In the past, PII and other data has been shared between entities without a respect for the sensitivity of that PII or used only by the entity that collected the data, which presumably already had data security measures in place. However, there is a desire to combine the data from multiple entities to provide further insights to provide customers better products and services; and to share data in a more ethical and private manner.
If data could be combined without contravening the regulations, without directly transmitting PII, the data could be used for other purposes by stripping the data of personally identifiable characteristics, such as name, email, and address.
In an effort to allow data sharing between organizations, tertiary parties to the match process have come into play. These match systems require the organizations to share personal information with the independent party who provides a match table to be used to share data. These independent matching organizations then have access to all of the personal data from many organizations making them “honeypots” for unscrupulous actors.
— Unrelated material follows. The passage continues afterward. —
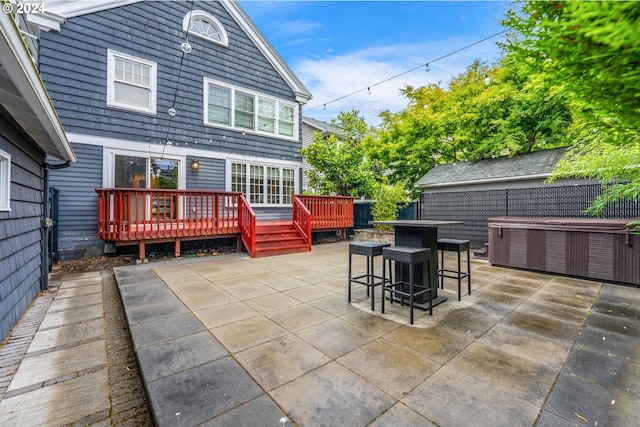 exterior space with a wooden deck, a hot tub, and a patio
Based on the foregoing, there is a need in the art for a system to remove the personally-identifiable aspects of data, to permit the data to be shared between entities and across geographies to extrapolate insights from the data. And to decentralize the risk of collecting all PII records into a single organizations control. It would therefore be useful to have a data “shredder” that creates small unidentifiable data portions, of a particular individual on their own, to distribute those “shreds” to multiple parties, and to be able to match the shreds to determine if a person is the same between the original databases.
A distributed data system has a network, a first organization connected to the network having a first database having personal identifiable information, the personal identifiable information divisible into a plurality of components, and having a first token associated with the personal identifiable information, and a first personal information gateways in communication with the first database and the network, wherein the personal information gateway is configured to divide the personal identifiable information into a plurality of data shreds, each data shred corresponding to a component, as well as a plurality of matching nodes connected to the network, wherein the nodes are configured to match data, wherein each data shred is configured to be transmitted to a matching node receiving only that component, wherein the matching nodes are configured to determine whether different shreds match.
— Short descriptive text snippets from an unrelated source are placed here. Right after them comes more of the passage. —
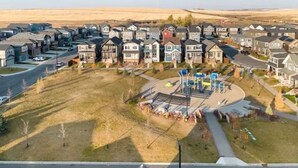 Un quartier résidentiel avec des maisons, une aire de jeux et une route.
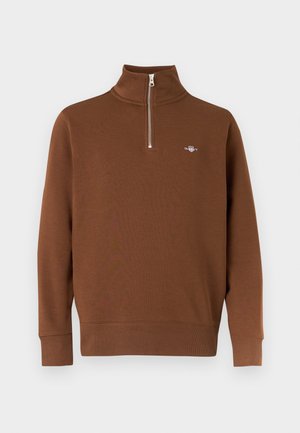 Brown pullover sweater with high collar and half zip. Made of soft fabric, featuring ribbed cuffs and a small logo on the chest.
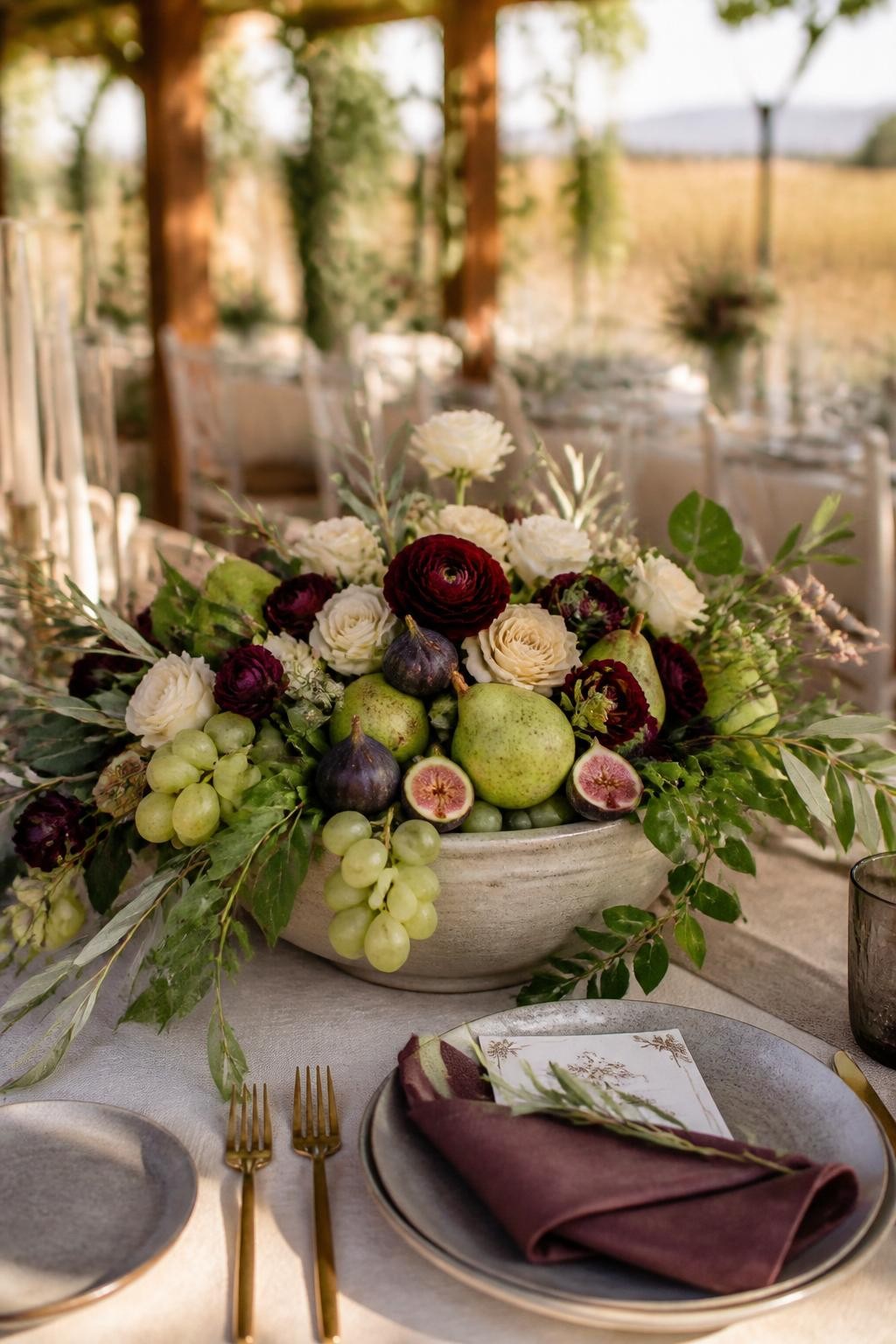 Realistic DSLR photo of a large shallow ceramic bowl centerpiece filled with green pears, fresh figs, grapes, burgundy ranunculus, cream roses, olive branches, and trailing greenery, placed on a fall wedding table with stoneware plates, gold flatware, linen runner, and warm vineyard reception background, elegant natural light.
In one embodiment, there is a second organization having a second database of a second organization having personal identifiable information divisible into a plurality of components and having a second token associated with the personal identifiable information and a second personal information gateway in communication with the second database, wherein the second personal information gateway is configured to shred the personal identifiable information into a plurality of second data shreds, each data shred corresponding to a component, wherein the second data shred is transmitted to the matching node, and wherein the matching node matches a first data token to a second data token if the first and second data shreds match.
In an embodiment, the matching of the first and second tokens permits data that does not contain personal identifiable information to be exchanged between the first and second organization and matched with an individual. The system may also have a policy administration system in communication with the first personal information gateway to provide personal identifiable information rules.
The system may have a data exchange configured to transmit data between the first and second organizations, using the match of the first and second tokens, without transmitting personal identifiable information. In an embodiment, the data shreds are hashed before being transmitted to the matching nodes. The hashed data shreds may be compared by the matching nodes, and the hashed data shreds may be hashed a second time after being matched by the matching node.
In an embodiment, the matching node is configured to provide a matching confidence score based on a number of positive matches. The system may also have more than one matching node, wherein an overall matching confidence score is determined from the matching confidence score of each matching node. The personal information gateways may convert the personal identifiable information of the first organization to binary format. Each of the one or more nodes is configured to store a specific data field.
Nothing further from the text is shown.